(Image-caption web data)
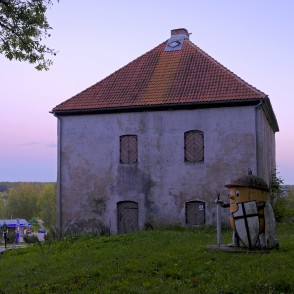 Kandavas pulvertornis Kandavas pulvertornis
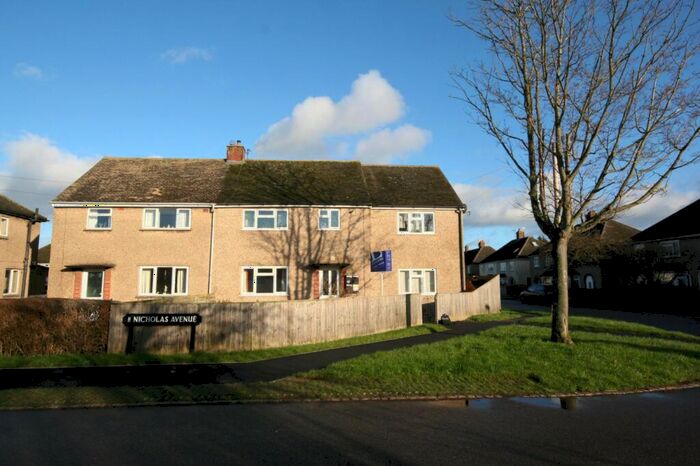 1 Bedroom Property To Rent In Nicholas Avenue, Old Marston, OX3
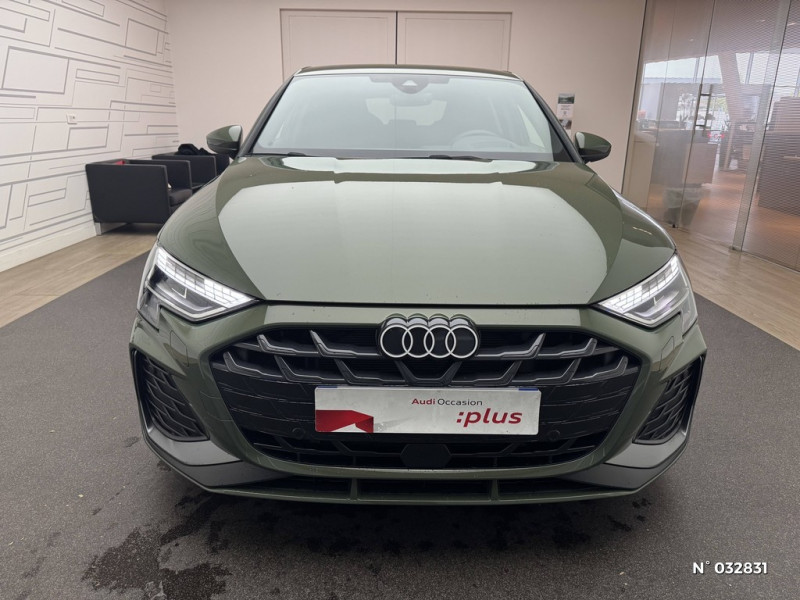 Audi A3 Sportback A3 Sportback TFSI e Hybride rechargeable 204 S tronic 6  occasion  Brie-Comte-Robert - photo n6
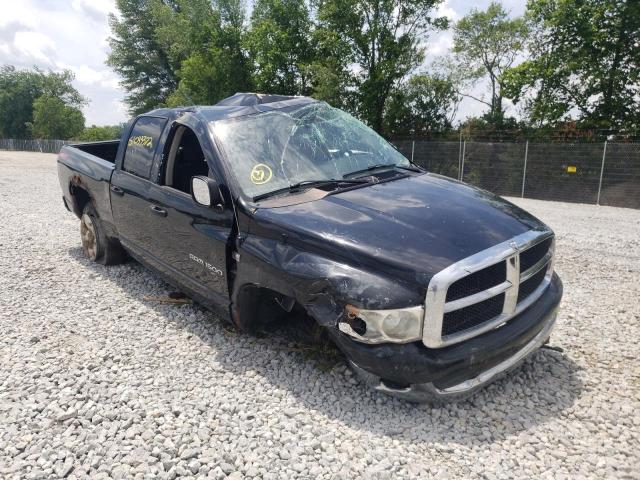 Photo 1 from auction – 2004 DODGE RAM 1500 S with VIN 1D7HU18D54S502149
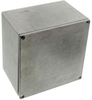 Enclosure, Diecast, Emi / Rfi, Ip54, Instrument, 125 Mm, 125 Mm, 79 Mm, Aluminium, Unfinished Rohs Compliant Hammond - 19J3311 - Newark, An Avnet Company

DESCRIPTION OF THE TASK:
All the lines above must be written out exactly, without a single picture.

FINISHED TASK:
 Kandavas pulvertornis Kandavas pulvertornis
 1 Bedroom Property To Rent In Nicholas Avenue, Old Marston, OX3
 Audi A3 Sportback A3 Sportback TFSI e Hybride rechargeable 204 S tronic 6  occasion  Brie-Comte-Robert - photo n6
 Photo 1 from auction – 2004 DODGE RAM 1500 S with VIN 1D7HU18D54S502149
 Enclosure, Diecast, Emi / Rfi, Ip54, Instrument, 125 Mm, 125 Mm, 79 Mm, Aluminium, Unfinished Rohs Compliant Hammond - 19J3311 - Newark, An Avnet Company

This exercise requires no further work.